I‘m trying to get a piece from my neighbor who's two years older than me. I hang out with her but it's not a date, I mean I'm 12 so how can I get her to break off a piece?

-DT
 

Dear DT,

WTF?? Are you talking about a human being, or a Kit Kat? This is what happens when dimwit speed-breeders have litters of children they can't take care of: We get a generation of sexual predators who aren't old enough to order off the grown-up menu at Denny's. Not that the Denny's menu is anything to write home about, but they do have excellent milkshakes, and the seasoned fries are pretty good. In summary, perverts eat at Denny's.

Sincerely,
Nicole

 

 
Dear Nicole,

Do you think its possible to travel faster than the speed of light? Why?

-Bobby
 

Dear Bobby,

No, Einstein's theory of relativity E=mc2 rules this out. Mass and energy are equivalent; therefore, the larger the mass, the more energy it takes to speed it up. Shortly before it reaches the speed of light the mass becomes infinite, which means that the energy must be infinite too. However, it has been postulated that we could “cheat” relativity by somehow warping the area of the universe around an object. Theoretically, a spacecraft could then travel distances as though it were going faster than the speed of light. I recently set out to demonstrate this possibility using a fastidiously selected assortment of synthetic chemicals and impermeable solids, but then I remembered my aunt was coming up for the weekend so I decided to clean the shower instead.

Sincerely,
Nicole

 

Dear Nicole,

My ex-girlfriend and I are attending the same college. Back in high school we were the only friends each other had, and I was cool with that, because I loved her. She was cool with it too, at the time. Now we're in college and we're still friends but now that she had made new friends she doesn't care if she hangs out with me or even talks to me for that matter, and that's cool because I'm just glad she's happy now and she finally has friends. But whenever I go hang out with anyone or talk to any girls even as friends, she gets pissed. I mean, I see her with guys and it pisses me off to, but I don't say anything to her about it and I would never tell her like she can't hang out with them, like she has been saying to me about hanging out with girls. I still love her to death and I always will but I don't know if it's just time to let go and move on, or if we can manage to stay friends and not fight all the time. Is it possible to stay friends with your ex when you still have feelings for them and under these circumstances?

-Steve
 

Dear Steve,

No, you can't, because she's not interested in being friends. You're her old toy and she doesn't want to play with you anymore. However, she doesn't want anyone else to play with you, either. So she wants you to stay up on the top bookshelf where she can keep an eye on you when she's partying with other guys.

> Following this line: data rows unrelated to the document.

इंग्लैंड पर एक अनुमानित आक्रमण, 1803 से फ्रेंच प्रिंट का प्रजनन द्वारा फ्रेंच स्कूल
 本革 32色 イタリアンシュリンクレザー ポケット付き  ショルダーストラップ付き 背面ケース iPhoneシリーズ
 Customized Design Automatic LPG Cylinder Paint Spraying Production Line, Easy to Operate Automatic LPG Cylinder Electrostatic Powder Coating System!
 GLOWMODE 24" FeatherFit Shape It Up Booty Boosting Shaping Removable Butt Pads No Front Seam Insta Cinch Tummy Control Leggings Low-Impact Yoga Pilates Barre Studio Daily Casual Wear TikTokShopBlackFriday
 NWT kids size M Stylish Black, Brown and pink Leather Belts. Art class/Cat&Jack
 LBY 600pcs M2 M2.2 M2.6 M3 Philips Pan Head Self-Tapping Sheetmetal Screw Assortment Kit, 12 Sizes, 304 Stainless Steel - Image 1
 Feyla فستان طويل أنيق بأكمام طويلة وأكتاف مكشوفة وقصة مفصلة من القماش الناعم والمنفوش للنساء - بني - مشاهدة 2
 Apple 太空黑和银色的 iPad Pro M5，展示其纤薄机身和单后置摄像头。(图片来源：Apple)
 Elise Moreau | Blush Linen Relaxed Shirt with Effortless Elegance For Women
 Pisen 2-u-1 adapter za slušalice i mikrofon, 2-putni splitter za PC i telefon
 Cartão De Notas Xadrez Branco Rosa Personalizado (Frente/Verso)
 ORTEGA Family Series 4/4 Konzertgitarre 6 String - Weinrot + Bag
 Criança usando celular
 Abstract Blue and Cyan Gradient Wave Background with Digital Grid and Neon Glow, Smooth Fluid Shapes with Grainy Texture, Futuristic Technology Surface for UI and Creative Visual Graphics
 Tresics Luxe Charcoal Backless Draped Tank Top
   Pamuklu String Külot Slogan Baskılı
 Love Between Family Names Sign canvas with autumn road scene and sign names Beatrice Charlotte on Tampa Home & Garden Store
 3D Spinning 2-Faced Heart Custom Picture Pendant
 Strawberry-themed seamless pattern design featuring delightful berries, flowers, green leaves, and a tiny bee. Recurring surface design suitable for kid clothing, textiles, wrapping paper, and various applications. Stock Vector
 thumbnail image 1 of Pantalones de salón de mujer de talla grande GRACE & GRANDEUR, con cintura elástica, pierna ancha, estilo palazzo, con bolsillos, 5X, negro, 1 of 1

By the way, which of you two came up with the brilliant idea of attending the same college? Now you get to spend four years in a dank, stagnant pit I like to call Lost Love Limbo. There's lots of pokey rocks down there, you know. Don't expect me to pull you out, manual labor ruins my nails. You really shouldn't have climbed down there in the first place.

Sincerely,
Nicole

 

Dear Nicole,

Hey booby-chew, as we near the anniversary of your first article on pointsincase.com, I can't help but think you want to celebrate with a complete stranger. How about you let me take you out for dinner sometime?

-Standing Where
 

Dear Standing,

How did you know about my fetish for guys who call me “booby-chew”? My other favorite pet names are “chest-chomper,” “titty-toother,” “nipple-nibbler,” and “bosom-biter.”